For three months, Covid transformed our movement. Most of us lived locally. Our shopping, our work (for those able to keep working), our leisure, our exercise, happened within a 10-15 minute radius of where we lived. A recent survey suggested three in five consumers in Britain have used more local stores and services to help support them during lockdown.
If you had a garden, you really appreciated it. And whether you had one or not, access to local green space was precious, as shown by how busy city parks, village greens, urban greenways and all manner of green spaces became as lockdown eased.
Local grocery stores came into their own. The village shop near me became busier than ever. While delivery drivers supplied pretty much everything else.
Lockdown was far from ideal, not least for those shielding. Not being able to travel is a severe privation. For those without any local amenities life couldn’t be lived without making an essential car journey. And then there are things that we need that we can’t get locally.

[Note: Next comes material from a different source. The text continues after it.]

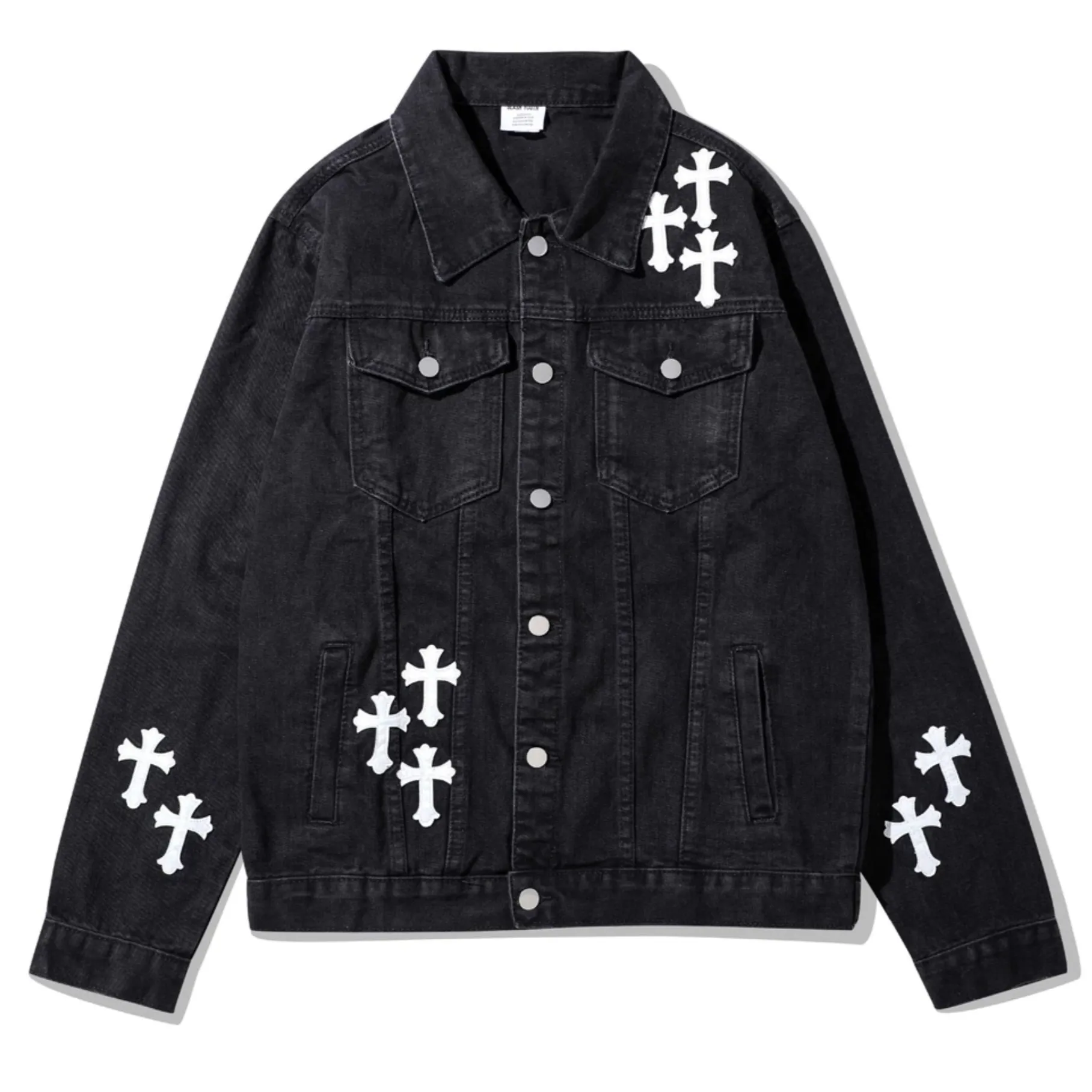 High Street Leather Embroidered Cross Vintage Black Denim Jacket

But with the Mayor of Paris getting re-elected on the platform of 15 min neighbourhoods, and Melbourne basing its city-planning on the same concept isn’t it time that we asked how we want to live first, before looking at how much quicker and faster we can make our journeys?
Most of what we need could – and should – be a 10 minute walk away
This is not some privileged city-centre fantasy. Before the car became a ubiquitous necessity for daily life, most people in the UK met their daily needs within their local neighbourhoods. With identikit town centre high-streets obsolete, it’s time for the rejuvenation of local shopping parades – again, amenities that came into their own for many under lockdown. We shouldn’t have to get into our cars to access green space, and many people have discovered they don’t need to get in a car or a train to get to work either. At Sustrans we have set out our plan for a green and just recovery, with 20 minute planning at its core.
The idea that most of what we need should be a short walk or cycle away of sounds like a utopian fantasy. And yet, right now, anyone with money, passport and a phone, can magic-up a taxi, book a ‘plane ticket on their way to the airport, and be on the other side of the world within hours. But too many people have to get into a car to buy a loaf of bread.
It’s time we stopped trying to invent a teleporter and see transport as a vital enabler and determiner of how we live and move well together – right now and right here in our own neighbourhoods.